In this study, it is used the data that contains several indicators at monthly and quarterly frequencies between January 1991 and December 2019. The data consists entirely of the first estimation of the indicators. It is ignored the sub- sequent revisions on the indicators. Therefore, it allows for real-time analysis. The indicators can be summarized in three groups such as real, survey, and emotion obtained in Section 3. Detail information about the indicators is given in Appendix 1.

The group of real indicators contains five variables. The first one is the quarterly GDP (flash estimates in constant prices) which is the target variable of the nowcasting model. Flash estimates of quarterly GDP are usually published with a delay of 45 days compared to the reference period. The second variable is the historical estimates of quarterly GDP which is finalized approximately two years later. In addition to these two variables, industrial production, factory orders and retail sales are also included in real indicators. These three variables are published with a minimum delay of 30 days compared to reference periods. There are six variables in the survey indicators group. The Purchasing Managers IndexTM (PMITM) related to the manufacturing and service sectors published separately and at the monthly frequency by IHS-MARKIT company. The Business Climate Index, the Business Expectations Index and the Export Expectations Index, which are published at monthly frequency by IFO-CES Institution, are released 7 days before the end of the reference period. The last variable of the survey group is the Economic Sentiment Index published monthly by ZEW Institution, which is published 14 days before the end of the reference period.

The group of emotion indicators consists of the emotion variables. Eight monthly emotion variables and their sum are considered in the group. A graphical presentation of the variables is given in Appendix 2 to give an idea of the movement of them over time. Also, the number of speeches made by ECB presidents is added as a monthly variable to the group of the emotion indicators. It can be assumed that emotion group, which consists of thirteen variables, is published simultaneously without any delay.

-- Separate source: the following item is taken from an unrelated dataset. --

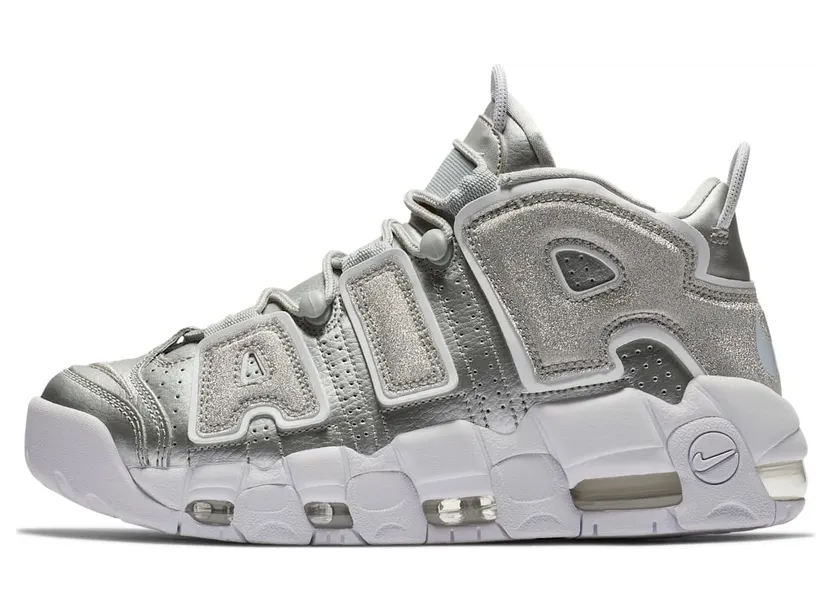 Nike Air More Uptempo Loud And Clear (W)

Main restriction of the analysis is to include only the ECB’s comments among the factors influencing emotions and thus also the GDP forecast. However, each central bank also uses other tools in communication with the public, such as announcing a change in interest rates, introducing other monetary policy tools, publishing minutes or an inflation report with an up-to-date macroeconomic forecast.

Methodology

In this study, the dynamic factor model (DFM) specification is used to build a nowcasting model (Stock and Watson, 2005). Mixed frequency data is used in DFM by following the method explained in the study of Camacho and Perez-Quiros (2010). The DFM used in this study also allows to use unbalanced data, where not all data cover the same time interval following the method in the study of Bańbura and Modugno (2014). They suggest a solution for the problems of estimating missing observations in the system estimation in the case of mixed frequency data.

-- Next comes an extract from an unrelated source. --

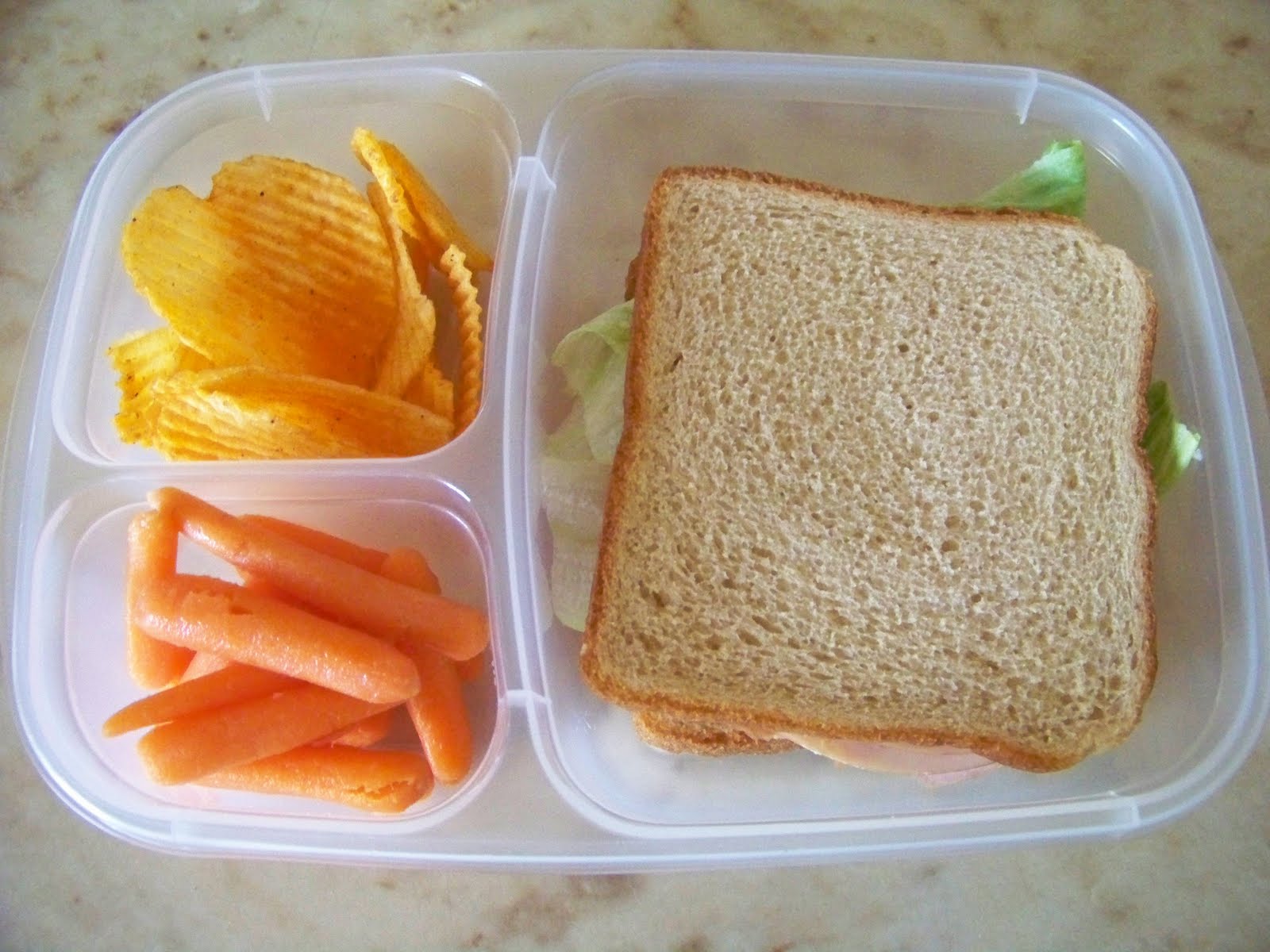 BTSB WasteFree Lunch Boxes with Easy Lunch Boxes Review & Giveaway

In DFM, a large amount of time series are represented by a smaller number of factors, both by carrying the time series features and by reducing their dimensions. A DFM can be represented as given in Eq. (2)-(4):

\(x_{i,t} = \Lambda_{i}f_{t} + \epsilon_{i,t}\text{\ \ \ \ \ \ \ \ \ \ \ \ \ }\text{\ \ \ \ \ \ \ \ \ \ }i\ = \ 1,...,n\) (2)

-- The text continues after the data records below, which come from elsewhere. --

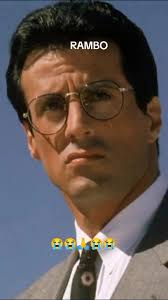 Rip Rambo Andre Nelson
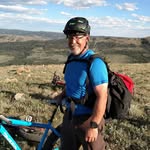 Roy Buck - @crazytreedesigns - Instagram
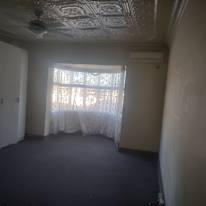 Photo of Emmanuel's room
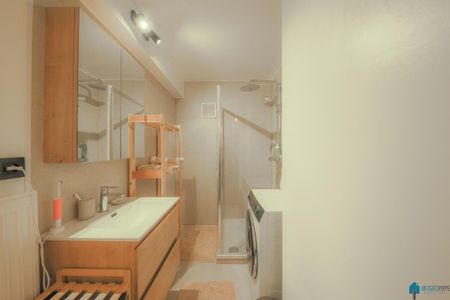 GERENOVEERD APPARTEMENT MET 2 SLAAPKAMERS - Foto 5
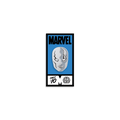 Silver Surfer Enamel Pin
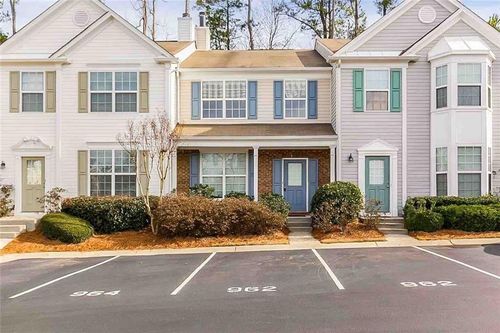 962 Prestwyck Ct, Alpharetta, GA, 30004-0537 | Card Image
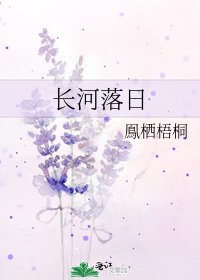 《长河落日》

\(f_{i,t} = \varphi(L)f_{i,t - 1} + \eta_{i,t}\ \text{\ \ \ \ \ \ \ \ \ \ \ \ }\eta_{t}\sim\text{i.i.d.}\text{\ N}(0,R)\text{\ \ \ \ \ \ \ \ \ \ \ \ }\) (3)

\(\epsilon_{i,t} = \alpha_{i}\epsilon_{i,t - 1} + \upsilon_{i,t}\text{\ \ \ \ \ \ \ \ \ \ \ \ \ \ \ \ \ }\upsilon_{t}\sim i.i.d.\ N(0,\sigma_{i}^{2})\ \) (4)

Let x represent the standardized variables in terms of mean and variance, Λ is the \(n \times r\) dimension matrix and represents the effects of x’s on invisible factors (f ), which represents the loadings. These factors are assumed to be followed by a VAR process in p lag. ϵt shows idiosyncratic residuals and they are assumed to be an AR(1) process. The loadings of quarterly observations on monthly factors are determined by using restrictions in Mariano and Murasawa (2003). Besides, the year-on-year growth rate are calculated for the monthly factor loadings following the approach of Giannone et al. (2013). The transformations of variables in the loadings of DFM are given in last column of Table 8.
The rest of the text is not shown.